> [EXERCISE DIRECTIONS]:
In the entries below, find the line with "Pramy GROWTH Pouch" and the line with "Read and reply". Return those two lines and all lines between them, exactly.

── TASK MATERIAL

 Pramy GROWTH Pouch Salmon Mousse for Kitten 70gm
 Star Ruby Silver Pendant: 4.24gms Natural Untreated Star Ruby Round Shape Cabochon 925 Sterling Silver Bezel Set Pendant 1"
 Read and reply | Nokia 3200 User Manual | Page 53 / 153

────
── TASK MATERIAL

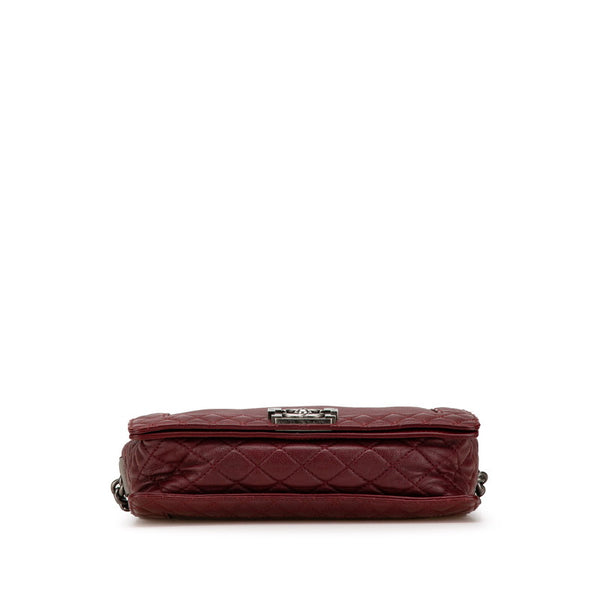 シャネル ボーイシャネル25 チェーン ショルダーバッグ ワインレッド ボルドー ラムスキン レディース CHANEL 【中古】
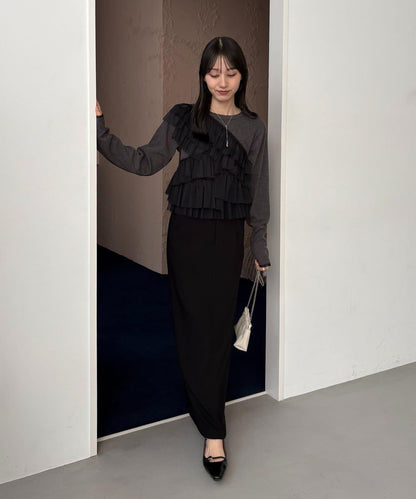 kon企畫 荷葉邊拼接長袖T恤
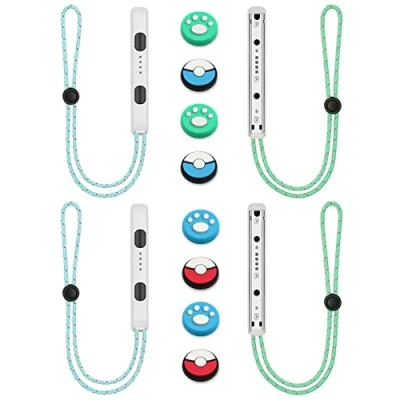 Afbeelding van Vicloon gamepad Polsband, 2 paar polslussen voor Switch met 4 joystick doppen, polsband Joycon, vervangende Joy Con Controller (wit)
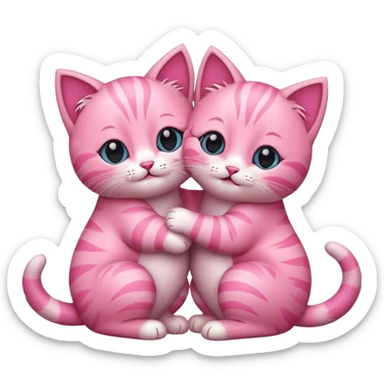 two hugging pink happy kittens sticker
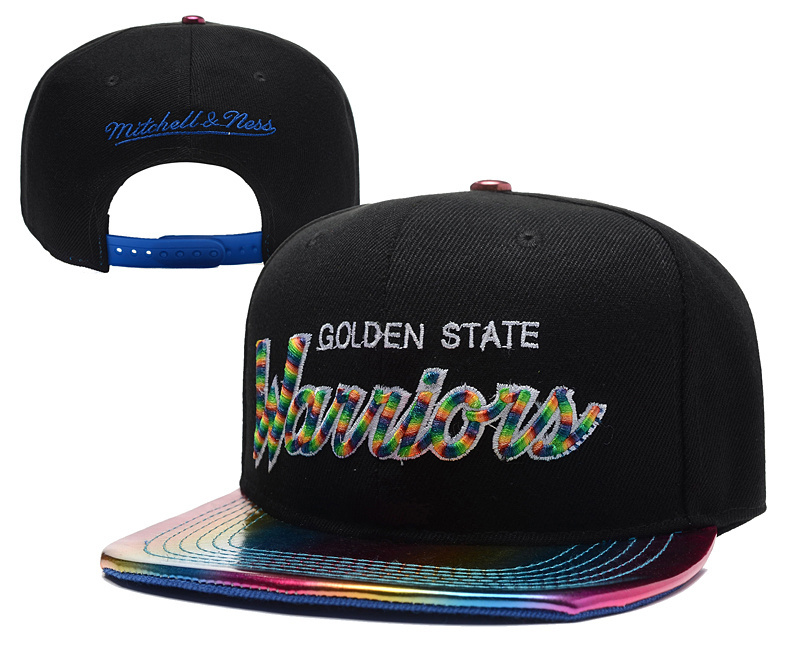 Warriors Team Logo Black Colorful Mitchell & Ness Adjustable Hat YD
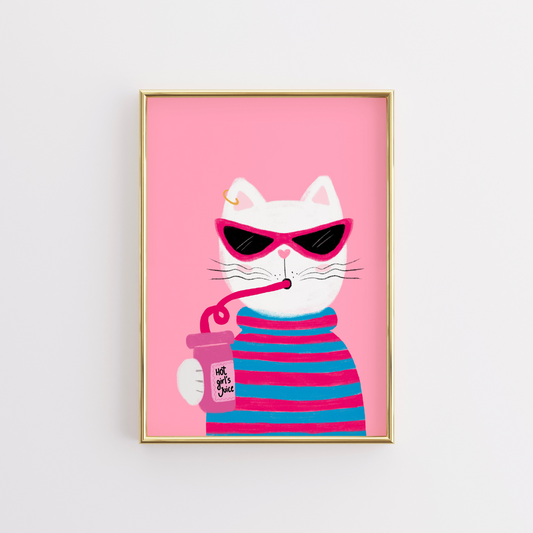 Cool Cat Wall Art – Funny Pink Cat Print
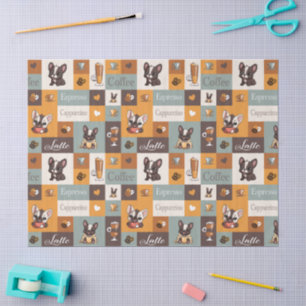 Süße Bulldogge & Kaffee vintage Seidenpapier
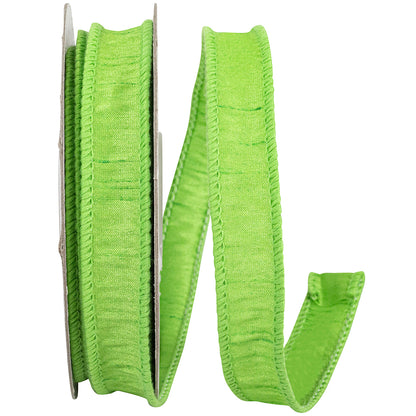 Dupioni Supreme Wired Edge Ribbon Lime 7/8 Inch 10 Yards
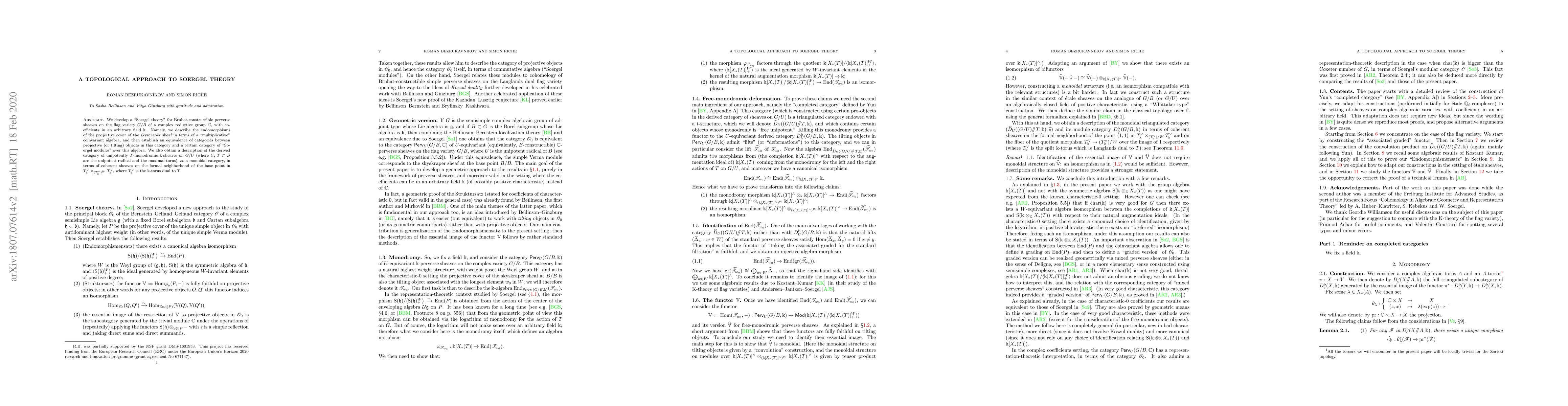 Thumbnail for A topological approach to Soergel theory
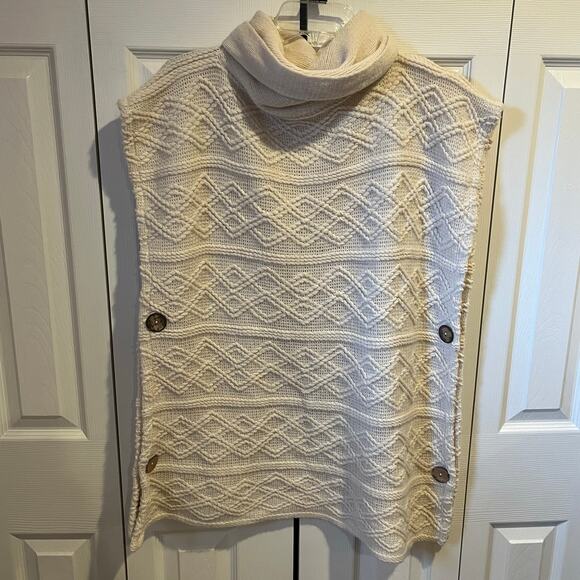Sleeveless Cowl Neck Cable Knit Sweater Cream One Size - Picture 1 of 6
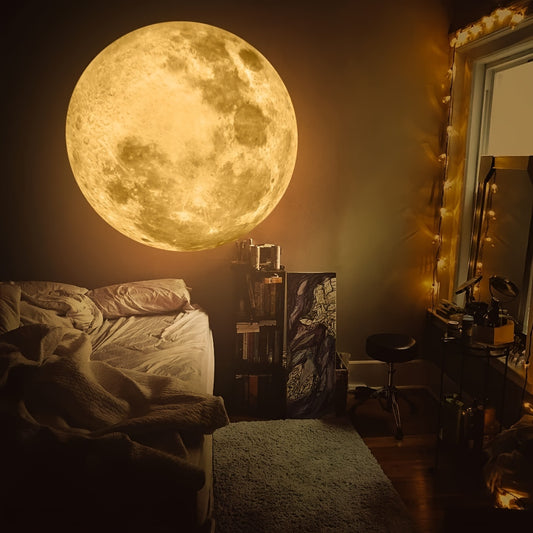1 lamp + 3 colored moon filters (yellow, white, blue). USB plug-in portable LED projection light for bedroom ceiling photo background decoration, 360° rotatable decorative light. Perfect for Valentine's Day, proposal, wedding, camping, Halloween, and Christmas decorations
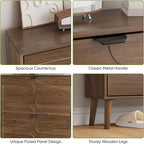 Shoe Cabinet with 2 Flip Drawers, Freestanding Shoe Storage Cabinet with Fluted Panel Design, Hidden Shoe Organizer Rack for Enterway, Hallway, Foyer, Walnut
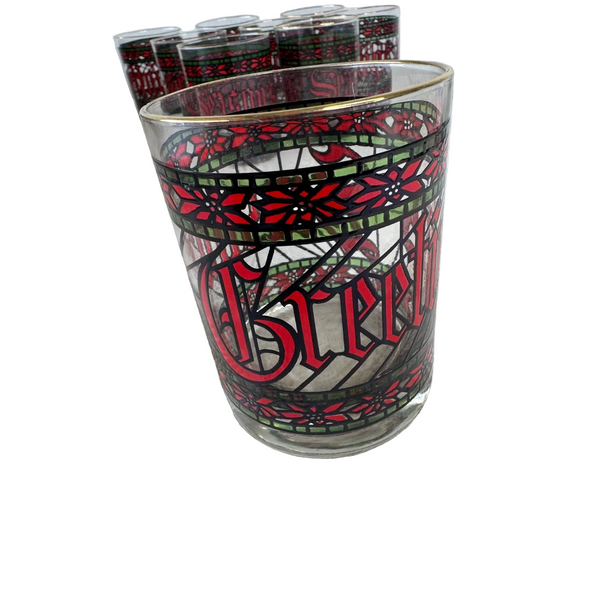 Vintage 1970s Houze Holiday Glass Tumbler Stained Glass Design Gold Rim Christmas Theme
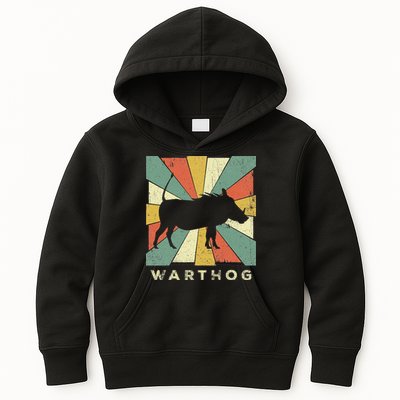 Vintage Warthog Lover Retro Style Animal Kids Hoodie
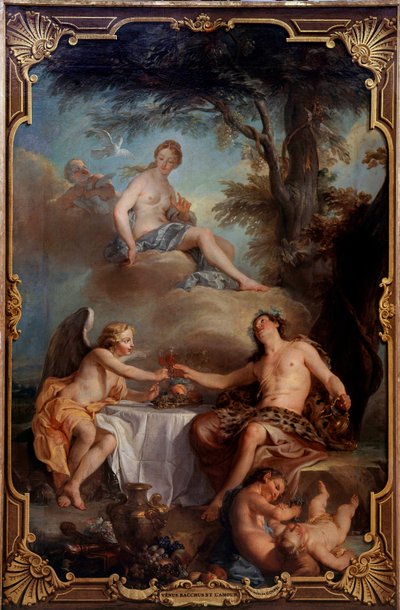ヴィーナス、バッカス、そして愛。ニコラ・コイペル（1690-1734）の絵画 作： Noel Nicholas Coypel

────

> [ANSWER BELOW]:
 Pramy GROWTH Pouch Salmon Mousse for Kitten 70gm
 Star Ruby Silver Pendant: 4.24gms Natural Untreated Star Ruby Round Shape Cabochon 925 Sterling Silver Bezel Set Pendant 1"
 Read and reply | Nokia 3200 User Manual | Page 53 / 153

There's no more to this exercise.